The spent catalyst is generally replaced, partly, by fresh catalyst using take-off means at the bottom of the reactor and means of supplying fresh or new catalyst at the top of the reactor. Catalyst removal and supply can be effected at regular time intervals, i.e. for example in bursts, or quasi-continuously or continuously. For example, it is possible to introduce fresh catalyst every day. The rate of replacement of the spent catalyst with fresh catalyst can range from about 0.05 kg to about 10 kg per cubic meter of charges. Catalyst removal and supply are effected by means of devices permitting continuous operation of the hydroconversion stage b). The device in which stage b) is carried out generally includes a return pump that enables the catalyst to be maintained in suspension in the bubbling bed, with at least a proportion of a liquid removed at the top of the reactor being reinjected continuously at the bottom of the reactor. It is also possible for the used catalyst removed from the reactor to be sent to a regeneration zone, in which the carbon and sulphur that it contains are removed, and for this regenerated catalyst to then be sent to the hydroconversion stage b).


In stage c) of the process of the invention, the effluent from stage b) is fractionated to recover gasolines, kerosene, gas oil and a first residue. This residue contains compounds having boiling points above those of the gas oil.


The fractionation in stage c) can be carried out by any means known to a person skilled in the art, for example by distillation. It is possible to carry out an atmospheric distillation followed by a vacuum distillation of the residue recovered during the atmospheric distillation. Accordingly, the first residue can be an atmospheric residue or a vacuum residue.


Preferably, following stage c), a separation of the solid particles of catalyst is carried out. These catalyst particles are most often fines produced by mechanical degradation of the catalyst used in the hydroconversion stage b). Generally a rotary filter is used, a basket filter, or a centrifugation system such as a hydrocyclone combined with filters or an in-line settler. This supplementary stage makes it possible to prevent the rapid deactivation of the catalyst used in stage d) owing to the possible presence of molybdenum in the catalyst fines. According to a particular embodiment of this filtration stage, at least two means of separation are used in parallel, one being used for carrying out the separation while the other is purged of the retained catalyst fines.

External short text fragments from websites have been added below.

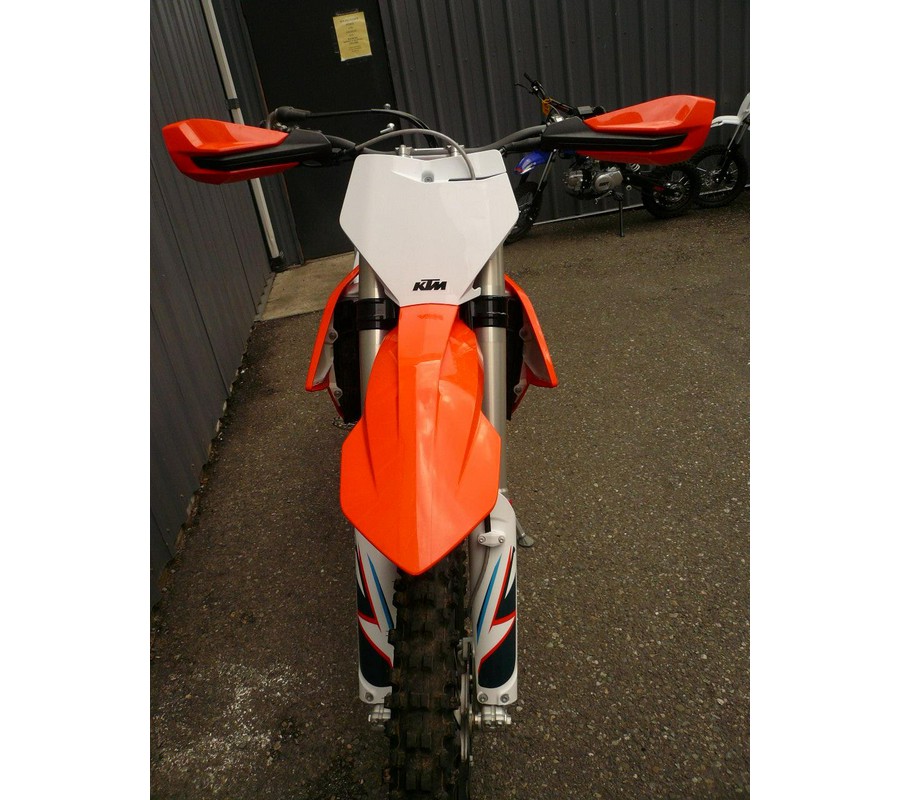 2022 KTM 450 XC F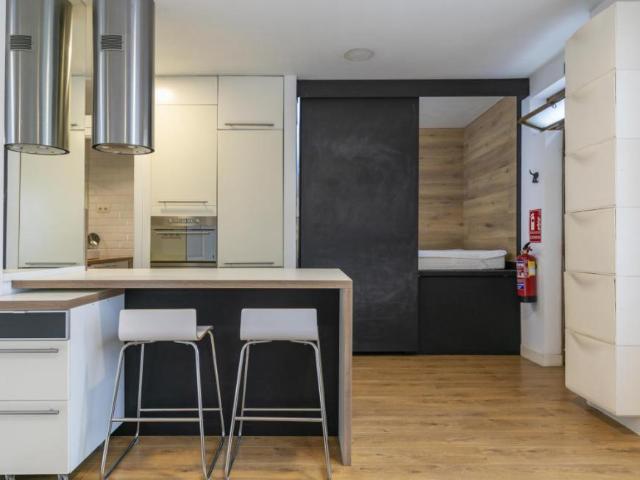 Apartamento en alquiler en Madrid, Puerta del Ángel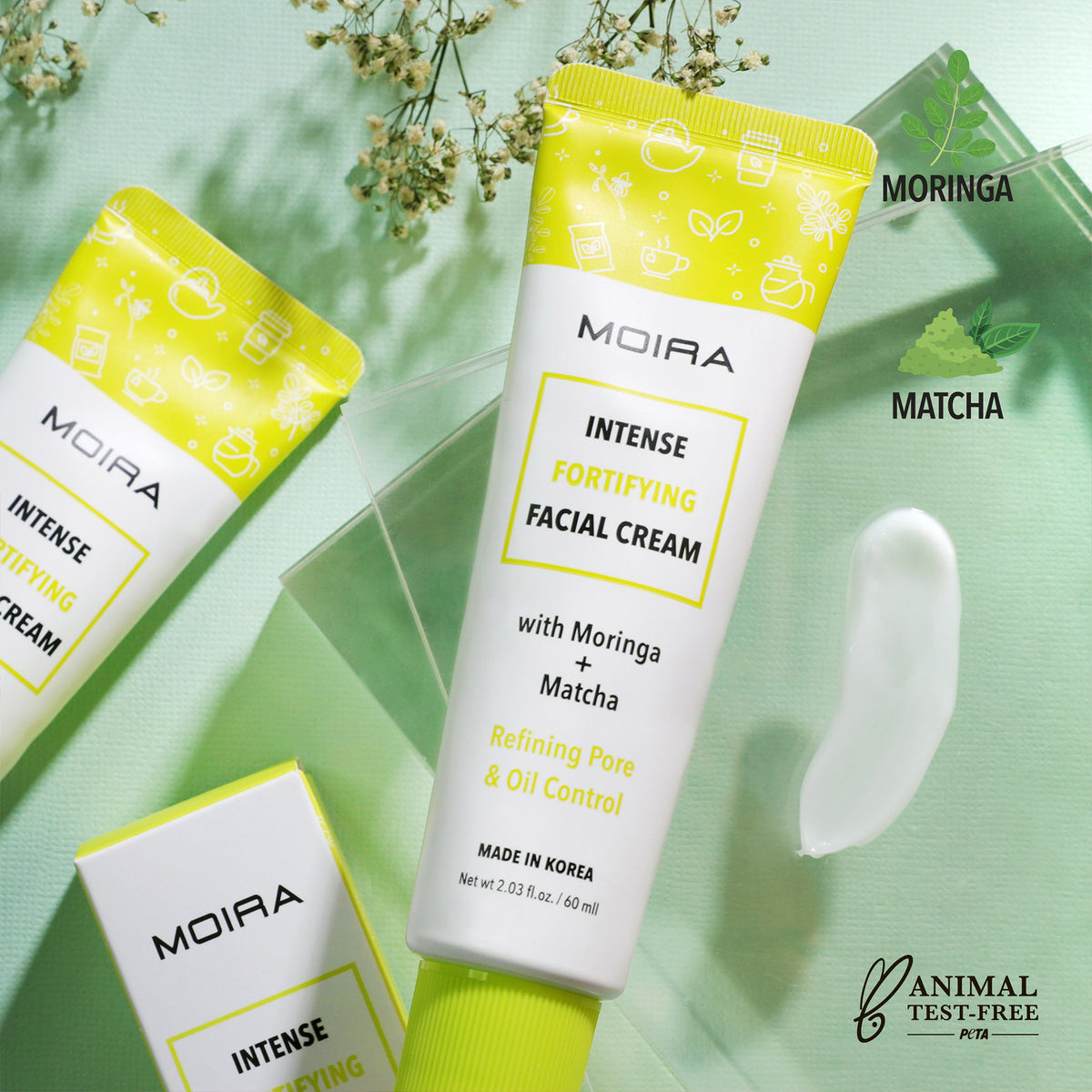 MOIRA INTENSE FORTIFYING FACIAL CREAM
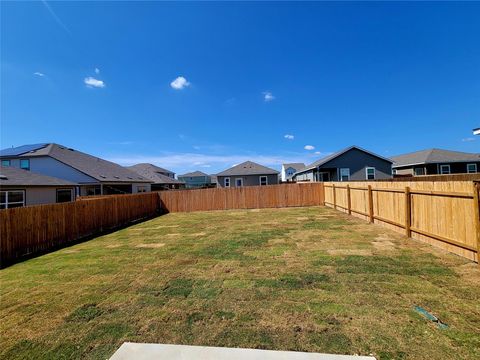 A home in Jarrell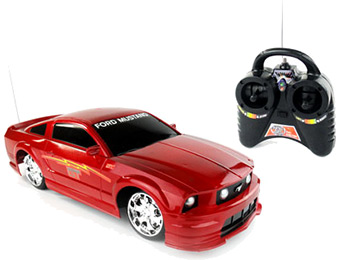 56% off Ford Mustang GT Licensed 1:10 Electric RTR RC Car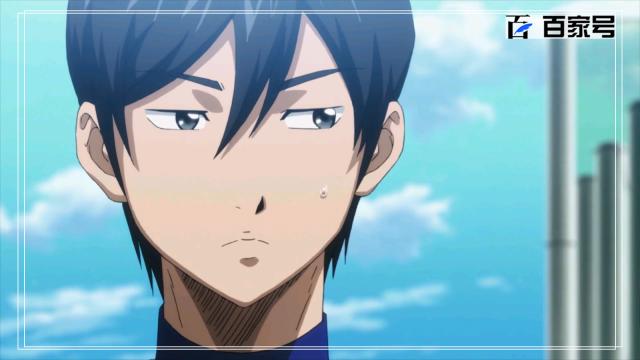 钻石王牌：炫酷动漫图片鉴赏喜欢拿走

In the case where stage c) includes a vacuum distillation, the vacuum distillate can be sent to a catalytic hydrocracking stage.

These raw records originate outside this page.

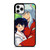 INUYASHA AND KAGOME ANIME iPhone 11 Pro Case Cover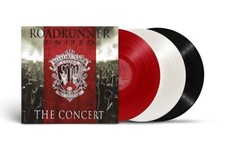 LP  ROADRUNNER UNITED  " THE CONCERT "  3  LP  NEUF  SCELLE  2023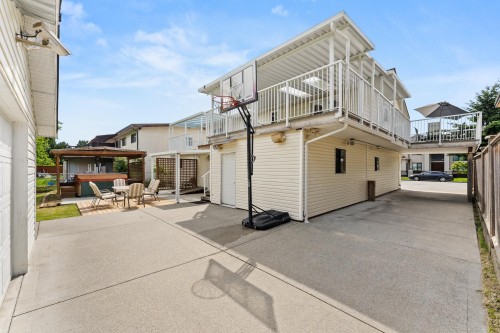 10580 Rosebrook Road, Richmond, BC 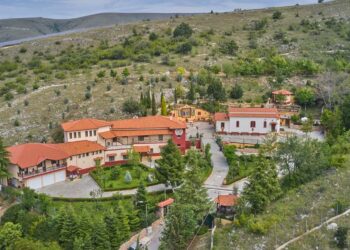 Πανηγύρι χαρμολύπης στον Άη Γιάννη Ν. Νικόπολης (Σκαφίδι) στις 28-29 Αυγούστου στο Μητροπολιτικό κάθισμα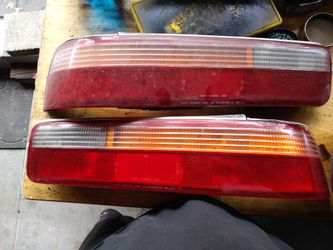92 Acura Integra taillights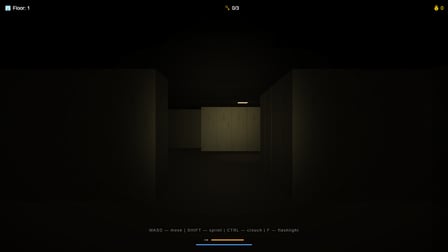 Backrooms: Protocol - Screenshot 2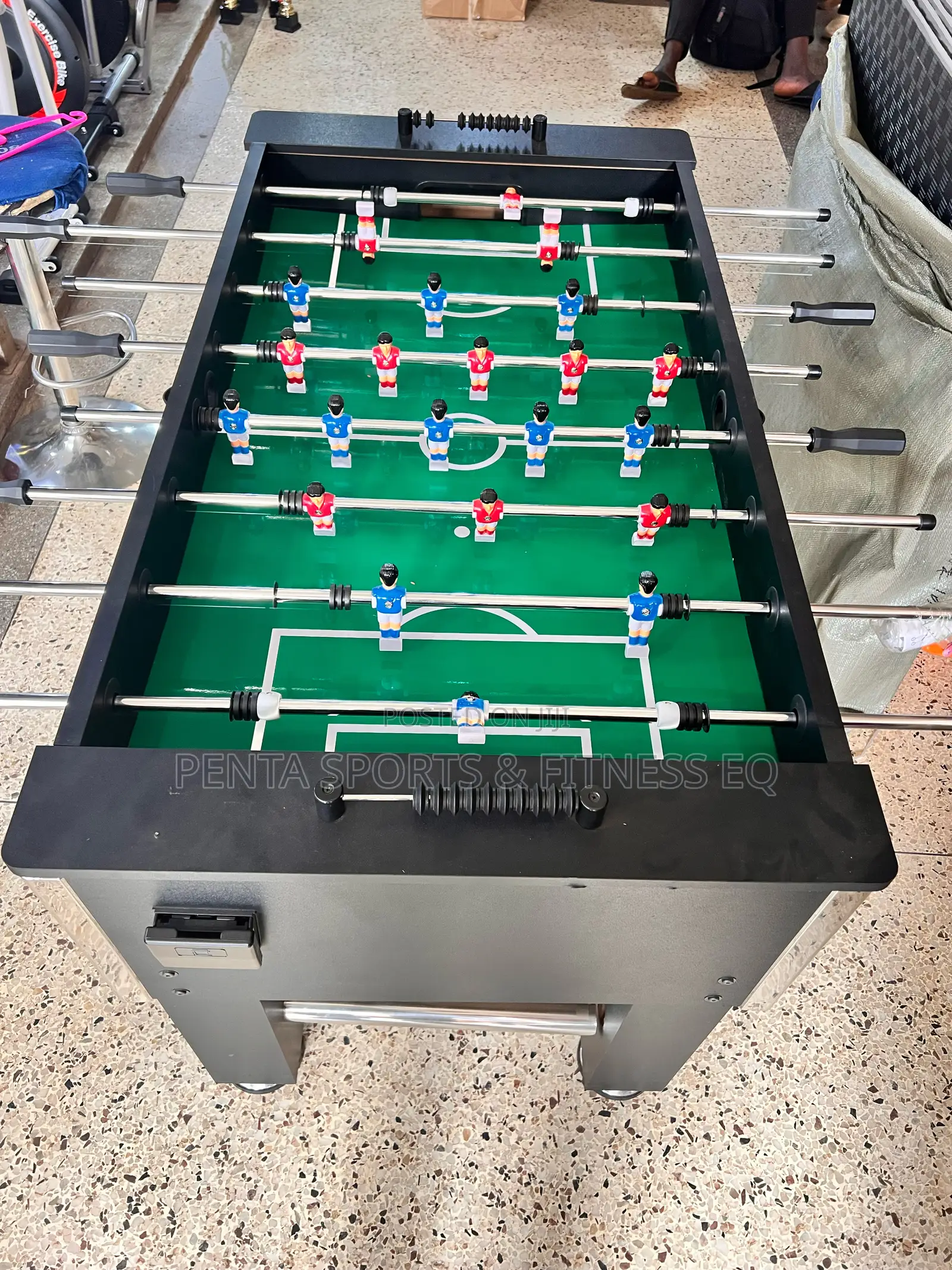 Soccer Table
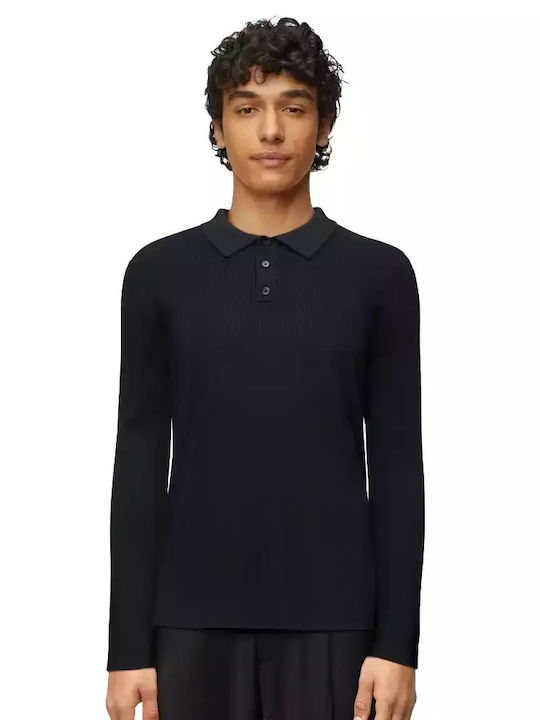 Polo Μπλούζα Black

The hydrocracking stage is generally carried out on at least one fraction of the vacuum distillate in the presence of hydrogen, in order to obtain an effluent containing gasoline, kerosene, gas oil and a residue.

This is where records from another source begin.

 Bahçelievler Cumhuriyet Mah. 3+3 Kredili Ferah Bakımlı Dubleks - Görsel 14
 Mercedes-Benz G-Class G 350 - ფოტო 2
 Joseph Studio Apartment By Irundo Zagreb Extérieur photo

In this hydrocracking stage, at least some of the first residue obtained in stage c) plus possibly a vacuum distillate from direct distillation are hydrocracked catalytically in conditions that are well known to a person skilled in the art, in order to produce a fuel fraction (comprising a gasoline fraction, a kerosene fraction and a gas oil fraction) which is usually sent at least in part to the fuel pools and a residue fraction.


Within the scope of the present invention, the expression catalytic hydrocracking encompasses the cracking methods comprising at least a stage of conversion of the vacuum distillate fraction using at least one catalyst in the presence of hydrogen.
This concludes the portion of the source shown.